Start of DATA FOR PROCESSING

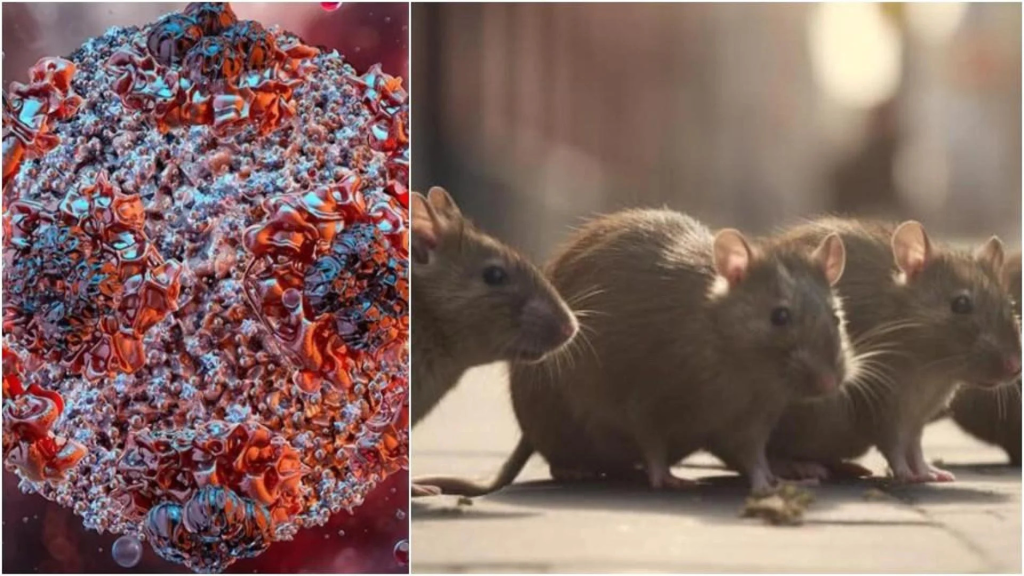 Hantavirus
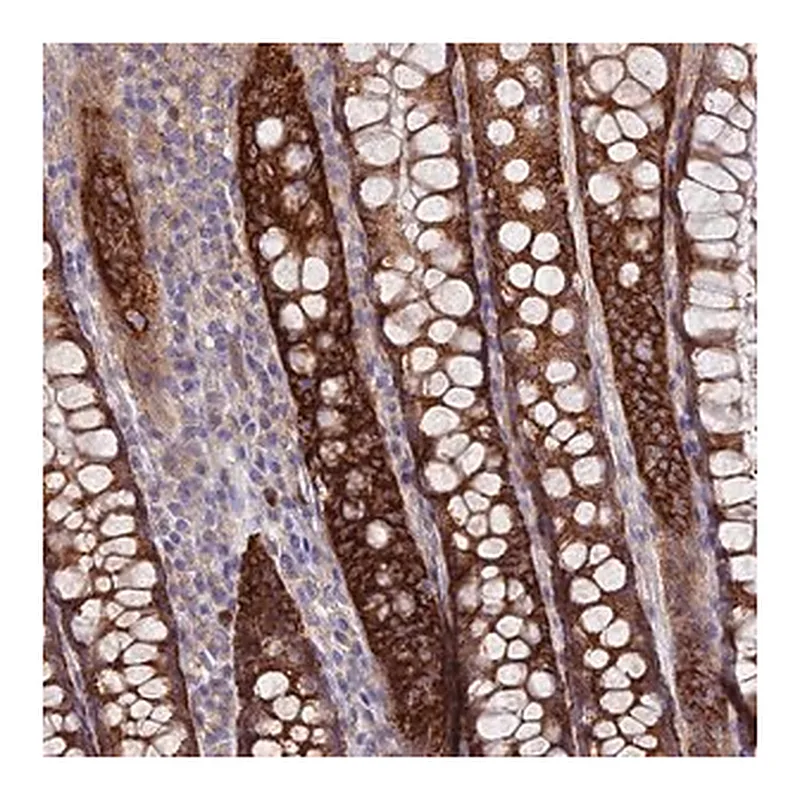 Merck Anti-TMEM44 antibody produced in rabbit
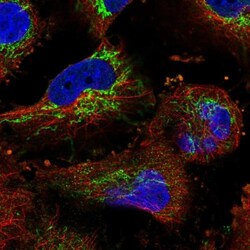 PTCD3 Antibody, Novus Biologicals 0.1mL; Unlabeled:Antibodies, Polyclonal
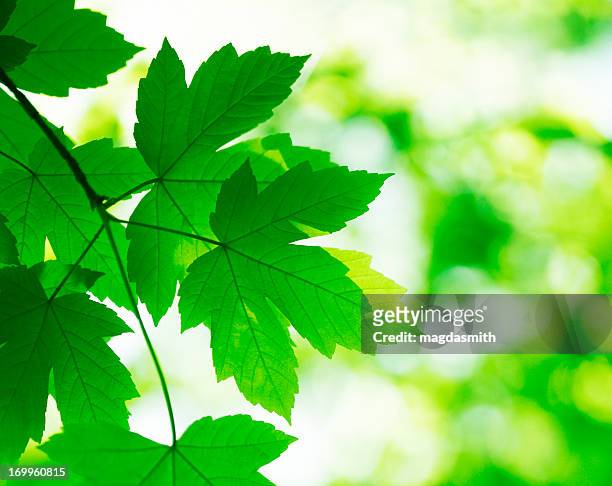 green hojas - magdasmith fotografías e imágenes de stock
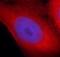 Synemin antibody, FNab08440, FineTest, Immunofluorescence image 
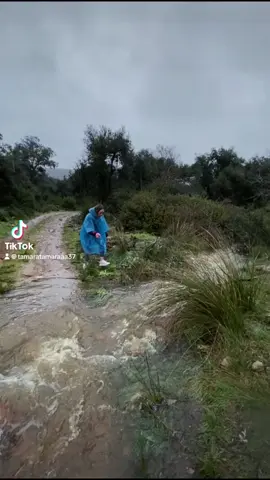 Sí, familia soy una patosa jajajaj ##livegift##interstellar##viral_videos##paratí##trendingvideo##livegifts##livegifts##monedastiktok##isladelastentaciones##foruyou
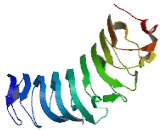 ATP Synthase Subunit S Like Protein (ATP5SL)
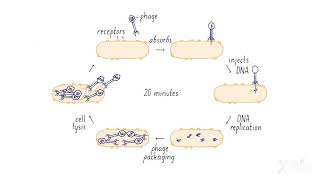 Viral Attack of Bacteria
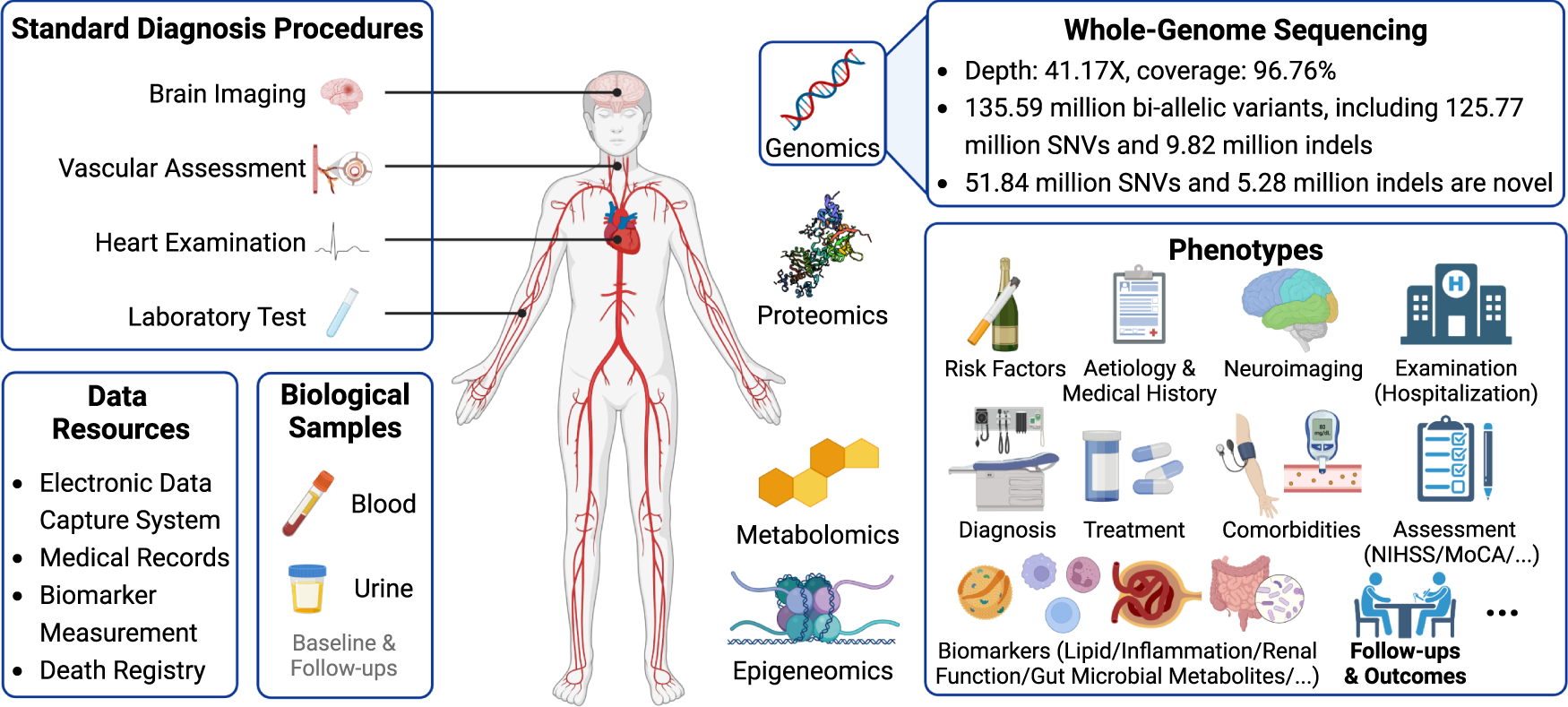 The STROMICS genome study: deep whole-genome sequencing and analysis of 10K  Chinese patients with ischemic stroke reveal complex genetic and phenotypic  interplay | Cell Discovery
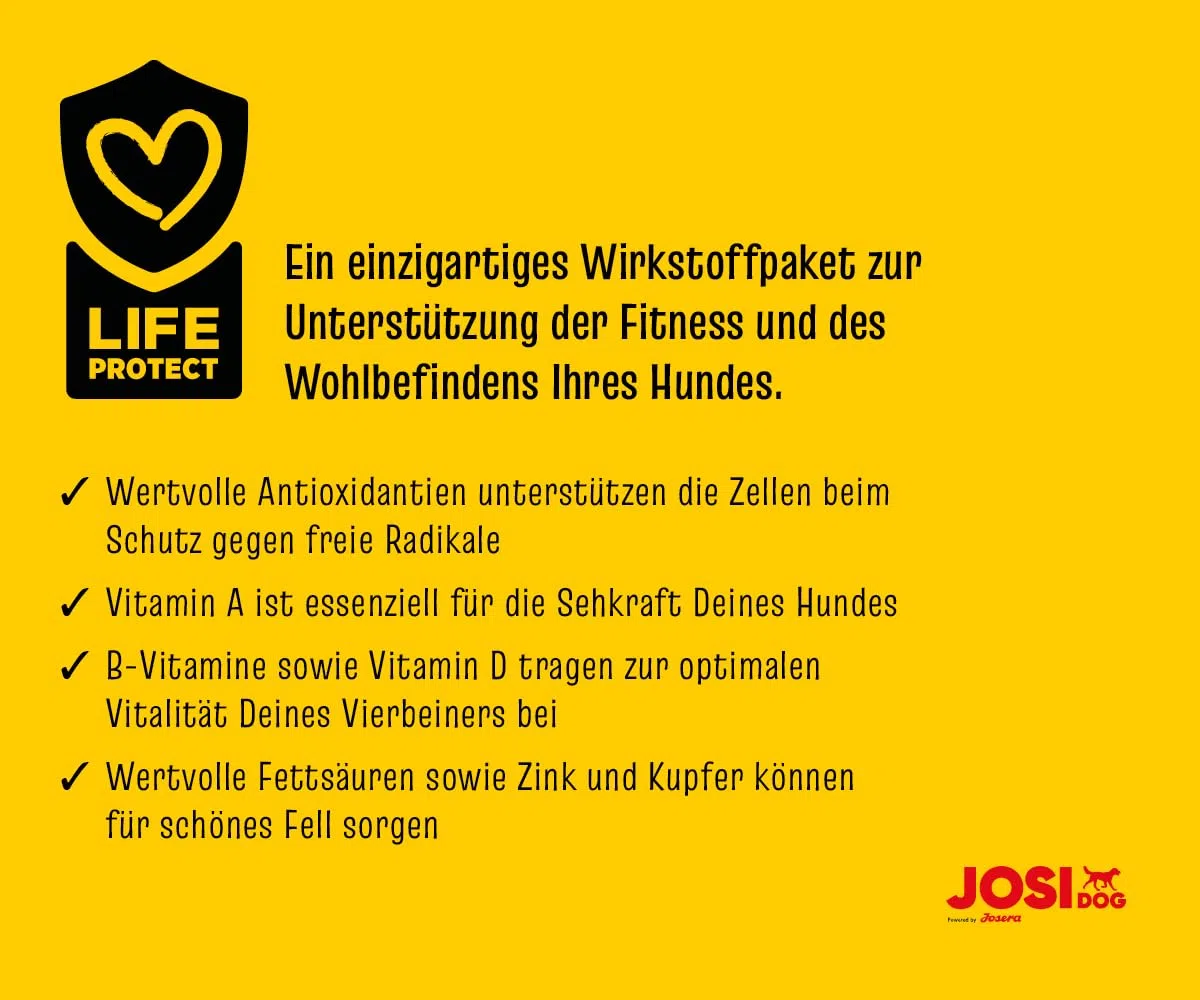 JosiDog Adult Sensitive (1 x 15 kg) | Adult | Premium Trockenfutter für empfindliche Hunde | besonders bekömmlich mit viel Geflügelprotein | glutenfrei | Powered by JOSERA | Hundefutter | 1er Pack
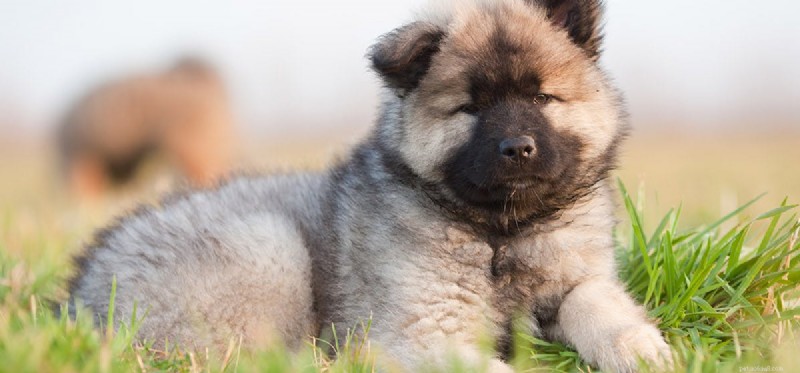Can Dogs Survive with Protein‑Losing Enteropathy? Understanding the Outlook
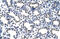 POP4 Homolog, Ribonuclease P/MRP Subunit antibody, 29-388, ProSci, Immunohistochemistry frozen image 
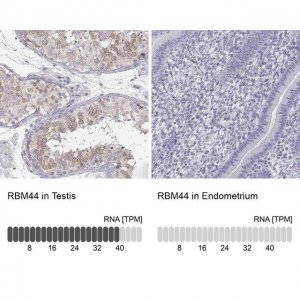 Anti-RBM44 antibody produced in rabbit 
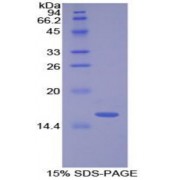 SDS-PAGE analysis of Cow Lysozyme Protein.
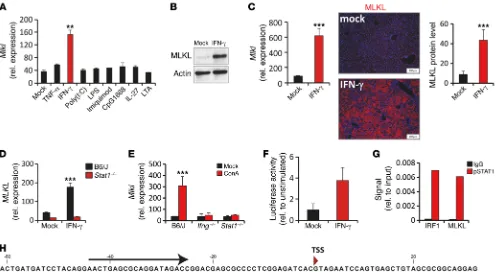 Figure 8. IFN-γlater, cells were stimulated with IFN-stimulated with IFN-–dependent STAT1 activation regulates MLKL expression in experimental hepatitis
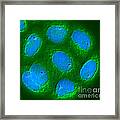 Genetic Research, Mapping Genes, Fish Framed Print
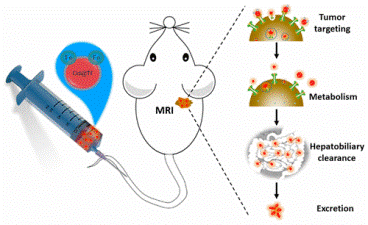 Tumor-Targeted and Clearable Human Protein-based MRI Nanoprobes. 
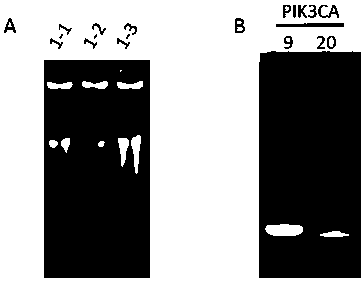 Primer combination and application thereof for detecting mutation of pik3ca gene in trace tissue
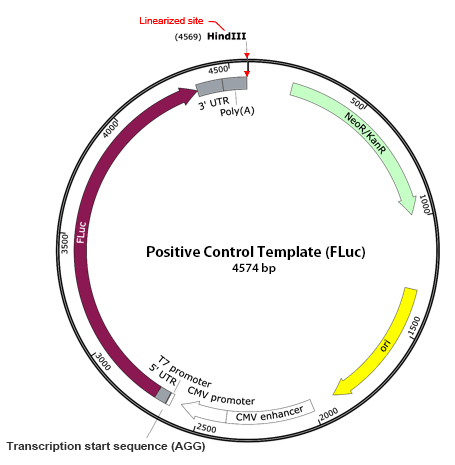 Takara IVTpro&trade; mRNA Synthesis System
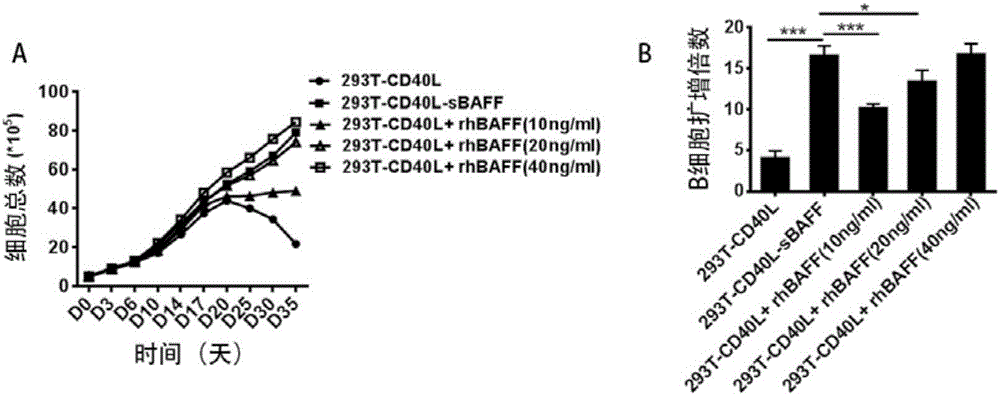 Application of soluble protein BAFF in B cell in-vitro culture and proliferation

End of DATA FOR PROCESSING

* **WHAT YOU SHOULD DO**: Could you output exactly the lines above, from the line with "SDS-PAGE analysis of Cow Lysozyme Protein." up to and including the line with "Tumor-Targeted and Clearable", and nothing else, skipping the pictures?

* **EXPECTED ANSWER**:
 SDS-PAGE analysis of Cow Lysozyme Protein.
 Figure 8. IFN-γlater, cells were stimulated with IFN-stimulated with IFN-–dependent STAT1 activation regulates MLKL expression in experimental hepatitis
 Genetic Research, Mapping Genes, Fish Framed Print
 Tumor-Targeted and Clearable Human Protein-based MRI Nanoprobes. 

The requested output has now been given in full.